**TRY IT**
An exact transcription of the entries is required, with none of the pictures carried over.

**DATA RECORDS**
######
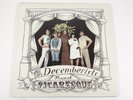 Decemberists Picaresque 2LP Gatefold W/Booklet NM/NM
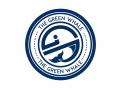 Logo design # 1060716 for Design a innovative logo for The Green Whale contest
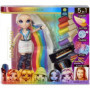 Rainbow High - Salon de Beauté - Poupée Amaya Raine avec Cheveux Extra L 66,99 €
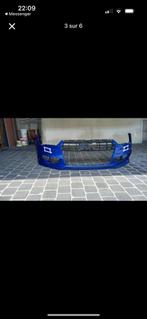 Door shock a7 2017, Ophalen, Gereviseerd, Audi, Bumper
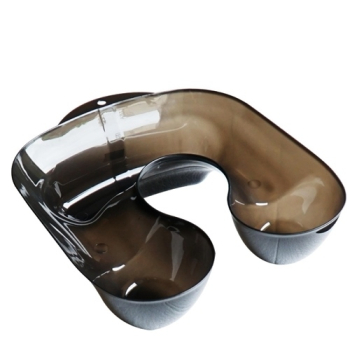 Máng Hứng Thuốc Nhựa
######
**RESPONSE TO THE EXERCISE**
 Decemberists Picaresque 2LP Gatefold W/Booklet NM/NM
 Logo design # 1060716 for Design a innovative logo for The Green Whale contest
 Rainbow High - Salon de Beauté - Poupée Amaya Raine avec Cheveux Extra L 66,99 €
 Door shock a7 2017, Ophalen, Gereviseerd, Audi, Bumper
 Máng Hứng Thuốc Nhựa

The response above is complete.